Setback Requirements
Yuma County ZO: standard Agricultural zone setbacks (100–150 ft from property lines). No unusually restrictive solar-specific setbacks.
Zoning Mechanism
CUP via Yuma County Planning & Zoning Commission and Board of Supervisors. Generally efficient process; board is pro-economic development. Military (MCAS Yuma, Yuma Proving Ground) buffer zones affect some parcels in northern and western county.
Acreage Caps
None codified; practical limits from military airspace and Colorado River water constraints.
Density Caps
None codified.
Spacing Rules
None codified.
Size Restrictions
No county restriction; military airspace and ADWR water rights are practical constraints.

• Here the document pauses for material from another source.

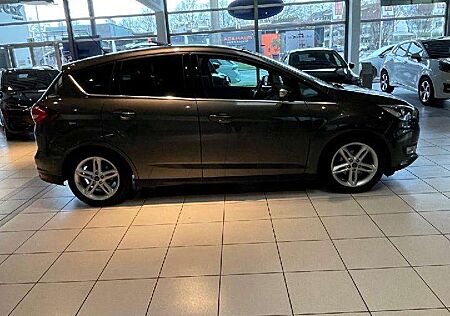 Ford C-Max Titanium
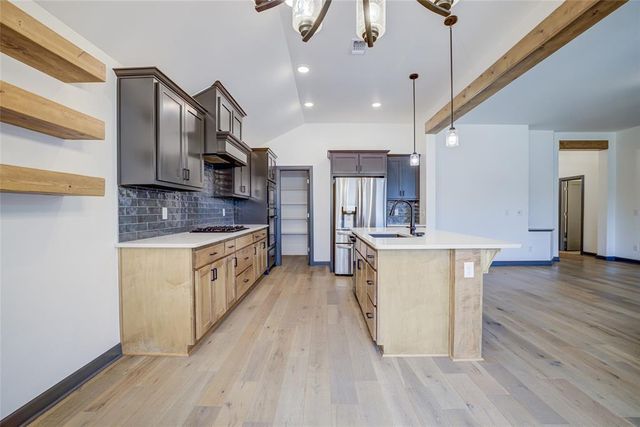 3911 Black Mesa Road, Norman, OK 73071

Board Sentiment & Political Risk

Sentiment Analysis
Very supportive for solar; Yuma County board is pro-economic development; county has long history of utility-scale solar; highest irradiance drives strong economics; agricultural community accustomed to large industrial land uses.
Basis for Assessment
Yuma County Board of Supervisors are conservative Republicans but strongly pro-economic development; Agua Caliente Solar (290 MW, one of largest in US at time of construction) established county as major solar hub; APS active buyer; Colorado River water constraints are the main caution.
Political Risk Factors
Stable
Board Members
Yuma County Board of Supervisors: Tony Reyes (Chairman, District 1) | R | 2026; Jonathan Lines (District 2) | R | 2026; Russell McCloud (District 3) | R | 2026; Mike Kurokawa (District 4) | R | 2026; Marco Lopez Jr. (District 5) | D | 2026.

Grid, Utilities & State Context

Grid Operator
Arizona Public Service (APS) / Western Interconnection (WECC)
Utilities
Arizona Public Service (APS) — Pinnacle West Capital, None significant (APS dominant throughout county)
State Permitting Process
Yuma County CUP via Planning & Zoning Commission and Board of Supervisors — one of the most efficient processes in AZ. Arizona One-Stop Shop. MCAS Yuma and YPG military liaison for buffer zones. ADWR water rights permit (critical groundwater area designation near Wellton-Mohawk). FAA coordination. International boundary (US/Mexico) CBP coordination for southern Yuma County projects.
State Incentives
No binding Arizona RPS. APS renewable commitment (45% renewable by 2025). Federal ITC/PVTC. Arizona property and sales tax exemptions. Qualifying Facility PURPA rates. Enterprise Zone incentives. Colorado River Indian Tribes (CRIT) proximity offers tribal energy partnership options.

Development Activity

Active/Completed Projects
Agua Caliente Solar (NextEra/APS) | 290 MW | Operational (one of largest in US at time) Yuma Solar (APS, various) | Multiple projects totaling 200+ MW | Operational/Pipeline Orion Solar (private) | ~100 MW | CUP approved | Pipeline
Denied/Withdrawn Projects
Very few denials; board is accommodating; military buffer zones occasionally preclude specific sites.